▶ Task prompt
Leaving out every picture, please repeat exactly the line that contains "Luxurious & stylish: Exclusive" and each line after it through the final line below.

▶ Excerpted records
--------------------------------

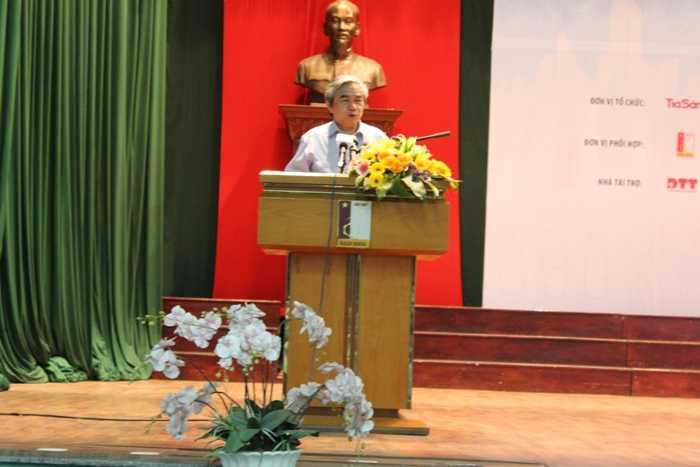 Học sinh tiểu học xây cầu tự đứng vững theo thiết kế của Da Vinci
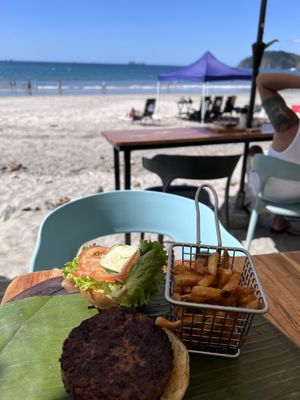  Plant based beyond burger 🍔  #Veganuary at Coco Loco in Playa Flamingo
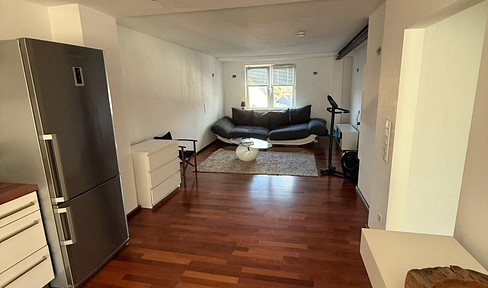 Luxurious & stylish: Exclusive designer apartment with daylight bathroom and real wood parquet flooring in Buer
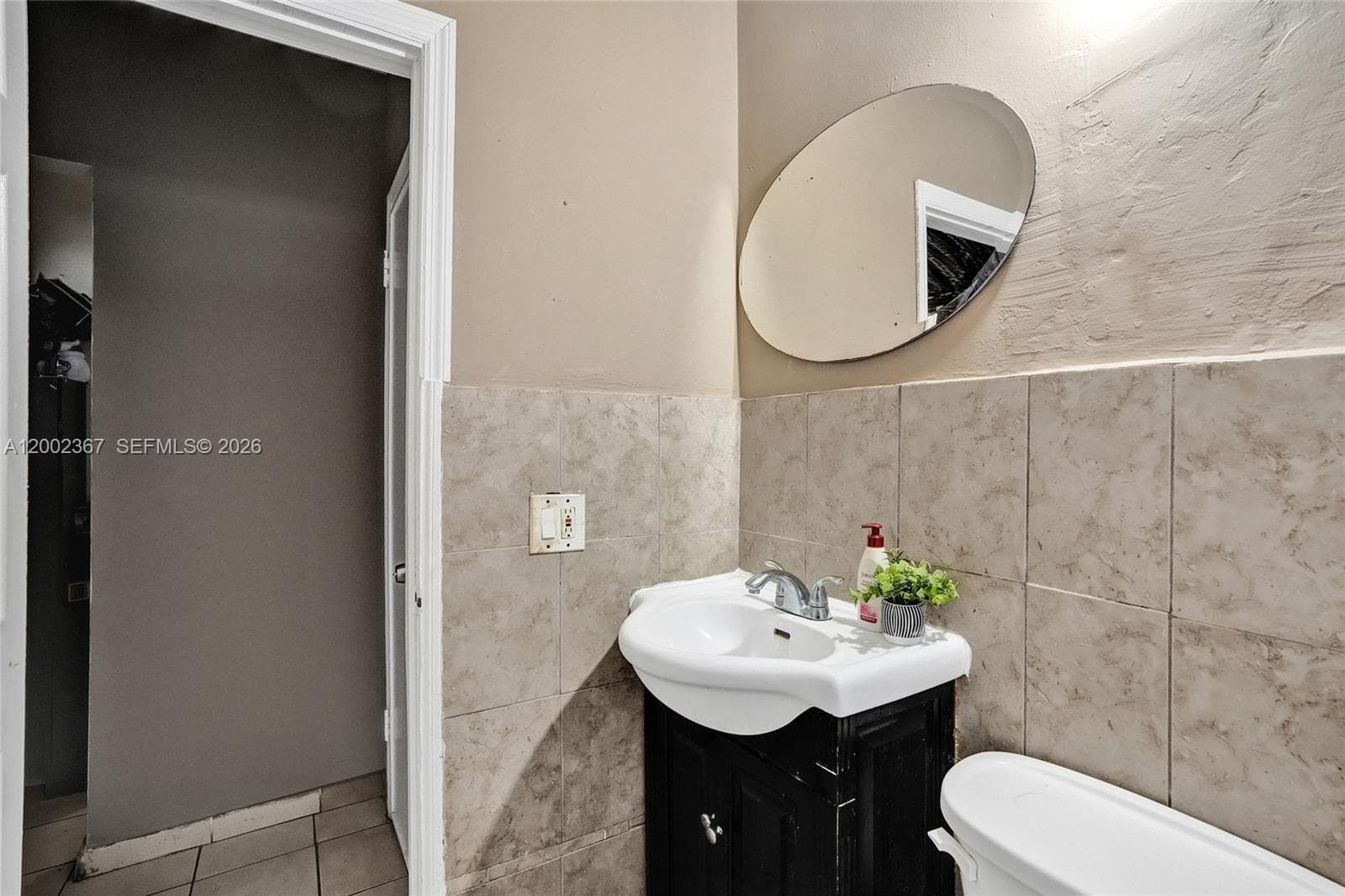 836 NW 101st St, Miami, FL 33150 photo 4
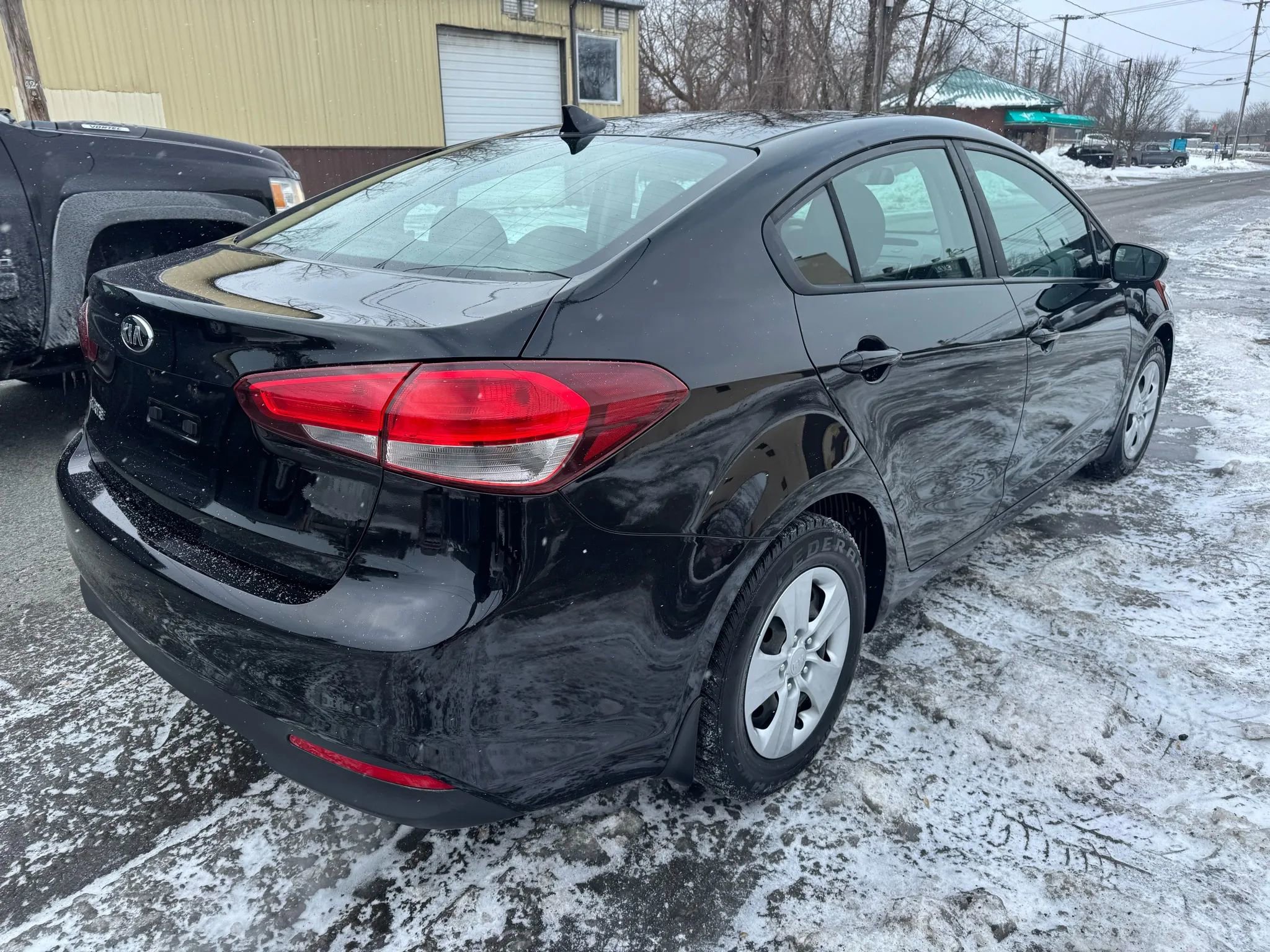 Used 2018 Kia Forte LX image 5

--------------------------------

▶ Written response
 Luxurious & stylish: Exclusive designer apartment with daylight bathroom and real wood parquet flooring in Buer
 836 NW 101st St, Miami, FL 33150 photo 4
 Used 2018 Kia Forte LX image 5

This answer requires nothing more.